In generale, diversi studiosi (Taramelli, Lanternari, Pettazzoni, Lilliu) identificano il culto dell’acqua nell’isola come elemento costitutivo e imprescindibile della religiosità protosarda, mentre Buttitta riconosce nei pozzi sacri la celebrazione della “Grande Dea” e della “Madre Terra”. Lo stesso studioso nota come le virtù terapeutiche delle acque siano indicate dalla toponimia. Acque sacre alle quali venivano offerti doni e forse sacrifici che scongiurassero il pericolo della siccità con conseguente carestia e favorissero, per il fenomeno della trasposizione tipico dei simboli, la fertilità animale e umana.

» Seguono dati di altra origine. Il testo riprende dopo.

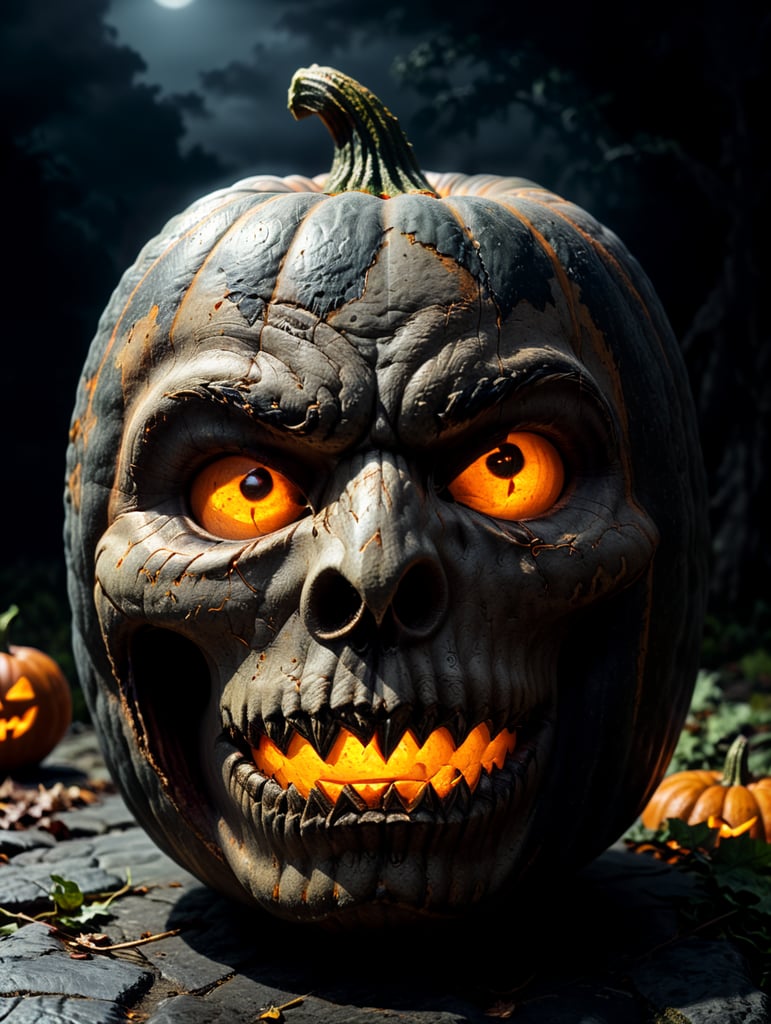 Halloween pumpkin photorealistic illustration, scary, dark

Del resto, come già osservato nel caso del pozzo di Santa Cristina, molto evocativa è la pianta dei pozzi che sembra riprendere l’organo genitale femminile. Per quanto riguarda la rifunzionalizzazione in ambito religioso, risulta infine paradossale che la santa alla quale è stato dedicato il pozzo “pagano” sia una donna beatificata proprio per il fatto di essersi rifiutata di abiurare la fede cristiana, scelta forse nel tentativo di cancellare definitivamente le tracce ingombranti dei culti pre-cristiani.








Note storiche
Il sito è stato rinvenuto e scavato dal Taramelli nel 1913. Negli anni ’80 sono seguiti successivi interventi ad opera di Luisanna Usai, Giovanni Ugas e Roberto Sirigu, per concludere negli anni 2000 con Donatella Cocco.